Credit: Michelle Maher, IDG News Service
Companies are refreshing enterprise software platforms for the cloud era and stitching together new systems to support digital business projects, triggering an uptick in IT spending worldwide.
Gartner is forecasting a 2.4 percent increase in global IT spending this year, amounting to $3.5 trillion, up from an anemic 0.3 percent growth last year. The big driver of growth is enterprise software spending, expected to jump 7.6 percent this year, hitting $351 billion, according to the market research and consulting company.
"We're getting to the post-modern ERP systems, we're replacing and wrapping existing systems with cloud, and CRM (customer relationship management) is growing gangbusters because CRM is easy to bring on in a cloud offering," said John-David Lovelock, research vice president at Gartner.

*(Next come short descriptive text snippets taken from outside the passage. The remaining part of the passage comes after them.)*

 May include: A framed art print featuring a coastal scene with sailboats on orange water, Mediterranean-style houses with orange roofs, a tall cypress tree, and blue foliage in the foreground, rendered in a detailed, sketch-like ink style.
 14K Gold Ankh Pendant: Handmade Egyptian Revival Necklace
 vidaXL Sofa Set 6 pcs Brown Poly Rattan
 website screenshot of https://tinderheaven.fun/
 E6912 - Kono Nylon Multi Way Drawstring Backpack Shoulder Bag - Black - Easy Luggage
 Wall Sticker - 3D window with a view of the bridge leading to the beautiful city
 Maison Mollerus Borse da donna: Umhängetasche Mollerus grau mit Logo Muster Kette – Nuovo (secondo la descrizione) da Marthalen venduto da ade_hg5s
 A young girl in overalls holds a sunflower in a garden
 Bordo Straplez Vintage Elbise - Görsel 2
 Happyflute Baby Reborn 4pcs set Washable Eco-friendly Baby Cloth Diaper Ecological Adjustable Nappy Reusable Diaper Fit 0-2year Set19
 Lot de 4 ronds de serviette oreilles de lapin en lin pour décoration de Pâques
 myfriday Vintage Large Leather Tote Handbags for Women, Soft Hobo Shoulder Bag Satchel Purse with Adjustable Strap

Spending on CRM in some countries is expected to rise by 35 percent this year, Lovelock said. Overall, enterprises are expected to spend $30 billion on ERP and $39 billion on CRM systems.
Gartner's predictions for 2017 IT spending have gone up and down over the last few quarters, but most of the tweaks to its forecasts were due to fluctuations in the value of the dollar. (In constant currency terms, Gartner predicts IT spending growth this year to be 3.3 percent.)
Those fluctuations are not altering the fundamental trends in IT spending: As users hang on to their mobile phones for two, three or even four years, rather than refreshing them every year or so, the big driver for IT growth will be the digital transformation of businesses.
Digital business trends include the use of IoT infrastructure in manufacturing and blockchain technology in financial services and other industries, as well as "smart machines" in retail, Lovelock said.
But technology to drive digital transformation has not been commoditized yet, Lovelock noted. "You can get fragments but a lot of it is being written," he said.
Blockchain technology is being used to aggregate and transmit information about items on cargo ships, for example. "They are trying to do that in the blockchain environment -- all of that is being written; there are pieces of it out there but most of it is being written from scratch," Lovelock said.
"CIOs are going to have to become builders again," Lovelock said. "They're going to have to combine the existing software that’s out there with pieces that aren’t, in order to provide new products and offerings built on their intellectual property."
Banks, for example, can start offering services that analyze customer spending patterns and suggest ways of saving money.